# Should I return these damaged waterstones I just purchased?



## DW833 (Mar 31, 2013)

I purchased a King whetstone combo set from Amazon. Opened the package and discovered the stone was damaged in two places. They are small chips in one corner and on one side. Was surprised to see the damage.

Stone was well wrapped inside a cardboard cover and then wrapped in plastic. However, it wasn't shipped in a box but in a manilla envelope. Not sure what to make of it. Unless it is a major problem, would prefer not to return it. But since this is my first whetstone, I'm not sure how these chips will affect performance.


----------



## papadan (Mar 6, 2009)

A shame they were chipped, but that wont affect the use of them.


----------



## garage_woodworker (Feb 25, 2014)

Those chips won't affect the performance but chips are kind of eye sore. I would ask for a replacement as its free with amazon. Whetshones wear off so slow with moderate use, you will be looking at those chips for decades.


----------



## FancyShoes (Aug 31, 2014)

I would get them replaced, I use the edge of the stone tonsharpen my exacto knives.


----------



## RichT (Oct 14, 2016)

Papadan is right. It won't affect normal usage. I can appreciate your disappointment though. When I get something like that, I want it to be just right.

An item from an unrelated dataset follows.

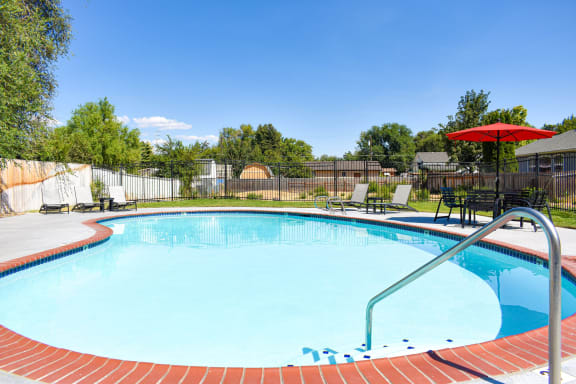 Large blue swimming pool surrounded by grass at Talavera Apartments in Boise, ID.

If you can wait, Amazon is stellar with their customer service. It won't cost you a penny to get a new one shipped out, and you'll have 30 days to return that one. Sometimes they even say don't return it.


----------



## Woodbum (Jan 3, 2010)

My thoughts are that you paid for new, undamaged merchandise and that is what you should have gotten for your hard earned bucks. Regardless of affecting normal use, I would send them back for a replacement. It is disappointing to see this type of thing happening with new merchandise. Just my 2 cents.


----------



## HokieKen (Apr 14, 2015)

> If you can wait, Amazon is stellar with their customer service. It won t cost you a penny to get a new one shipped out, and you ll have 30 days to return that one. Sometimes they even say don t return it.
> 
> - RichTaylor


That was my first thought. Amazon will definitely replace it and eat the shipping. There's a good chance they'll tell you to keep the damaged ones and send you new ones too. I'd go for the return. The chips won't affect use but, you paid for a new product, why not demand what you paid for? You may even end up with 2 sets out of the deal.


----------



## paratrooper34 (Apr 27, 2010)

I know it doesn't affect performance so much, but I would absolutely return it. I figure I paid for an item that is supposed to be undamaged; and that's what I want.


----------



## Loren (May 30, 2008)

Amazon does fool around with inappropriate
shipping methods. I'm sure returns and
complaints are important to making assessments
so I recommend you do complain.

There should be a box or something you 
check off to say the item was damaged
in shipping.

One of my waterstones was dropped and got
a big chunk off the corner but it doesn't
bother me. It was a nice stone before and
it's still a good stone, just with a slightly
smaller usable area.


----------



## TFA (Oct 4, 2016)

I would send it back and get a new one. I believe amazon will send you a new one and then you have 30 days to send that one back. So it's not like you'll have to wait around for 2 or 3 weeks to get the replacement. usually, you need an excuse to not send the product back to them. I once order a quart of paint from amazon and it leaked all over my porch through the box, they didn't make me return the paint to get a new one.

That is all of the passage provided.